Todos os elementos apontados são pertinentes, em geral corretos, e importantes para uma análise da conjuntura concreta. De fato, a sustentação parlamentar de Bolsonaro é baseada em uma aliança frágil com o “centrão” e dos militares que colonizaram milhares de cargos no aparato federal. Porém, a metodologia que se atém exclusivamente a tais elementos deixa de analisar outros fatores, desarmando, assim, os trabalhadores e movimento organizado de resistência aos impulsos autoritários de Bolsonaro.
Não à toa a conclusão do texto é que “Bolsonaro se enfraqueceu consideravelmente política e socialmente, dentro e fora do país. Mas ainda conserva elementos de força e resiliência”. Essa conclusão, que poderia ser verbalizada em uma discussão em grupo de whatsapp, não é de todo incorreta, não aponta grandes novidades para uma análise da conjuntura e não se diferencia das superficialidades proferidas nos textos da imprensa burguesa. Entretanto, tal apontamento não é dotado do grau de cientificidade correto para uma análise política que condiz com a tradição marxista.
Sugiro a Casoni não se utilizar da etiqueta de “aparência” ou “fenômeno” para analisar as movimentações de Bolsonaro. Observe, meu caro companheiro, elementos concretos desse grave movimento de caráter neofascista que busca conquistar o Estado brasileiro e impor uma ditadura aos moldes de seu programa. Pergunte-se: qual a estratégia do movimento neofascista no Brasil? Quais táticas foram utilizadas até então a serviço dessa estratégia? Quais setores e frações da burguesia poderiam apoiar essa aventura? Como as forças armadas se comportariam numa tentativa de golpe? Como mensurar o prestígio de Bolsonaro junto às forças armadas?

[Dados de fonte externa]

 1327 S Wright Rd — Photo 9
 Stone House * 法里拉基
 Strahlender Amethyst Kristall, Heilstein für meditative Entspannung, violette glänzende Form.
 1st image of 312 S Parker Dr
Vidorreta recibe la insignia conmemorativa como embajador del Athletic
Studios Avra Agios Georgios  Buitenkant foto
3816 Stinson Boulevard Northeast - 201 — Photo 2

Essas perguntas não foram feitas no texto de Casoni. Para muitas dessas perguntas, inclusive, acredito que não temos, ainda, os meios empíricos para encontrar respostas. Quando um autor quer construir uma análise da realidade, mas com os olhos fechados para elementos desta mesma realidade, deixa de fazer perguntas importantes. O resultado é que importantes manifestações da realidade transformam-se em “mero fenômeno”, construindo-se uma caracterização caolha.
Concordo com Casoni em uma série de coisas, em especial com a passagem de seu texto que diz: “Em termos de política, o maior erro da esquerda seria o de esperar tranquilamente as eleições de 2022” e que Bolsonaro vai tentar tumultuar as eleições e, se tiver condições, melar o processo. Porém, se o golpismo de Bolsonaro fosse um mero “fenômeno aparente”, a hipótese de golpe é uma possiblidade remota, um devaneio, algo sem base na realidade.

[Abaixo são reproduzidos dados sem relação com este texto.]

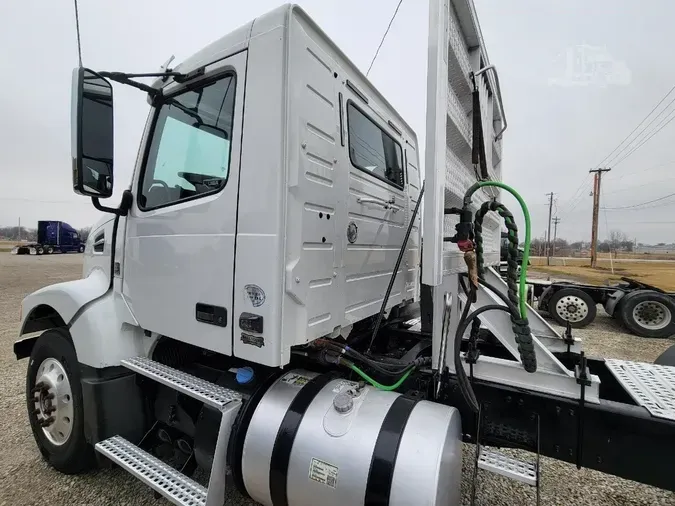 2016 VOLVO VHD64FT200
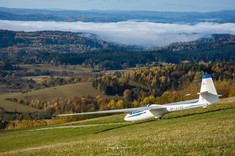 Nowy hangar Akademickiego Ośrodka Szybowcowego w Bezmiechowej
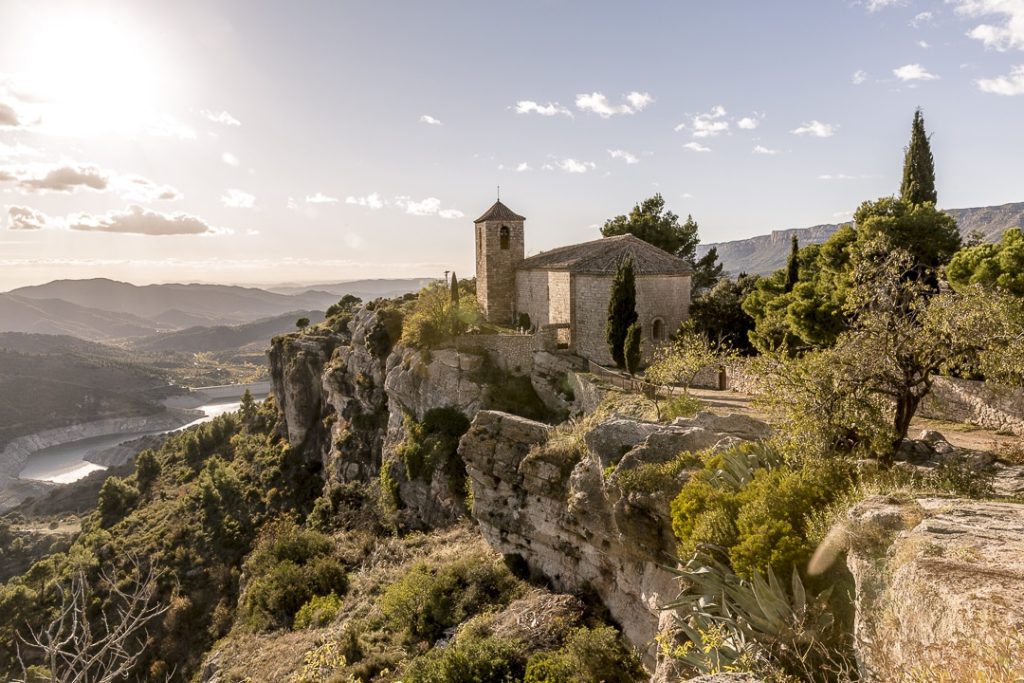 Eglise romane du village de Siurana en Catalogne #roadtrip #catalogne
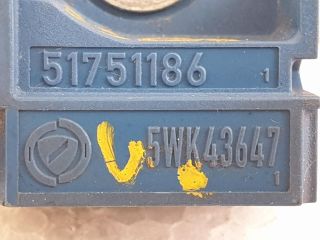 bontott FIAT BRAVO Első Középső Ütközés Érzékelő (Homlokfalon)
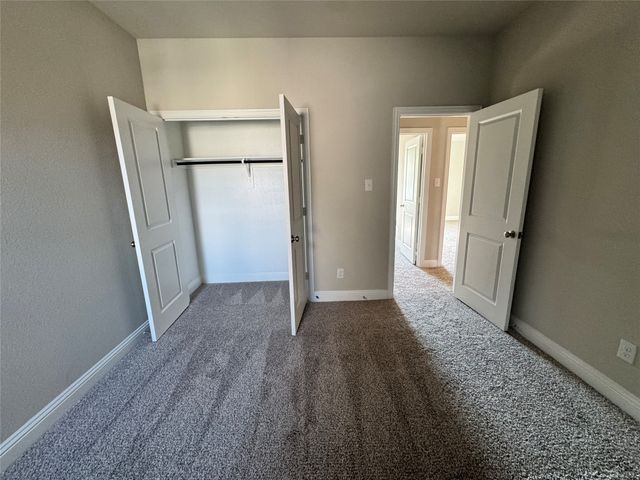 548 Hutchinson Lane, Lewisville, TX 75077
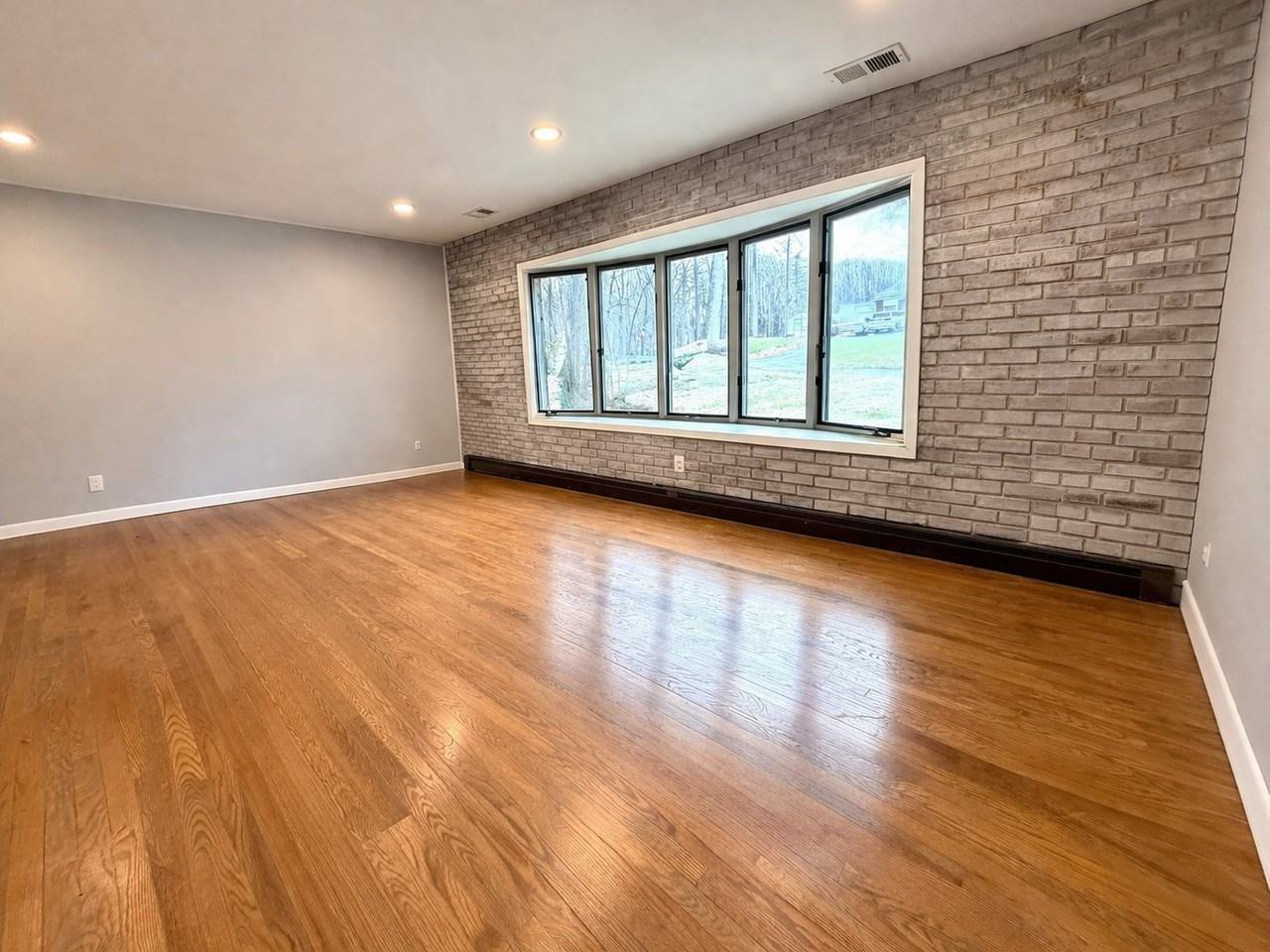 2119 Oaklyn Dr #A - Photo 6 of 25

Há frações da burguesia que estão umbilicalmente ligadas ao movimento neofascista de Bolsonaro, em especial, setores do agronegócio, do capital financeiro e de atividades ilícitas pró-desmatamento. Outros setores burgueses buscam igualar o fascismo de Bolsonaro a um suposto “radicalismo de esquerda” de Lula, apostando em uma possível “terceira via” e apoiando uma agenda legislativa para aprofundar o grau de exploração dos trabalhadores. Como eles iriam se comportar em uma iminência de um golpe que impeça o retorno do PT ao governo? Examinar essas movimentações, de acordo com uma epistemologia marxista científica, é uma das tarefas concretas da conjuntura atual.

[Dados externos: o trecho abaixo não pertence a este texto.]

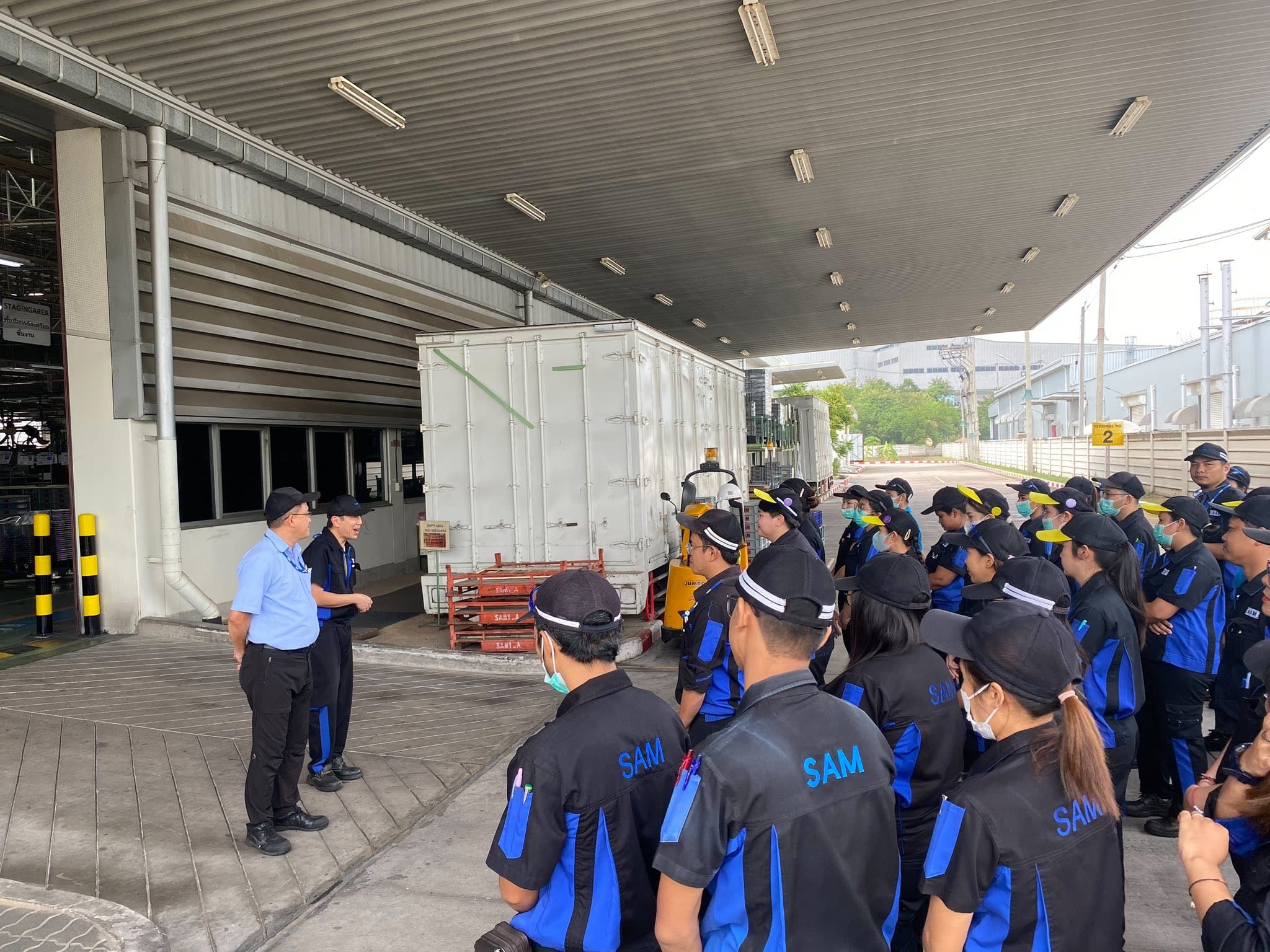 แจกเงินสนับสนุนค่าเดินทางสงกรานต์ ให้พนักงานกลับบ้าน — 2/3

Estarei, assim como o companheiro Casoni, no ato nacional, no dia 7 de setembro, articulado pela Campanha Fora Bolsonaro. Dificilmente apenas esse dia colocará “uma pá de cal” na campanha golpista em curso, a estratégia do movimento neofascista brasileiro não cabe no regime democrático burguês. Porém, essa mobilização é fundamental para o fortalecimento e construção de um forte movimento em defesa das liberdades democráticas e para resistir aos projetos de contrarreformas e privatizações em andamento no Congresso.
É nas ruas e com uma prática teórica adequada, que não considere as ameaças de Bolsonaro um mero devaneio fenomênico, que iremos armar os trabalhadores para resistência contra o movimento neofascista. Essa é a principal batalha que decidirá o futuro da luta de classes no Brasil nos próximos anos.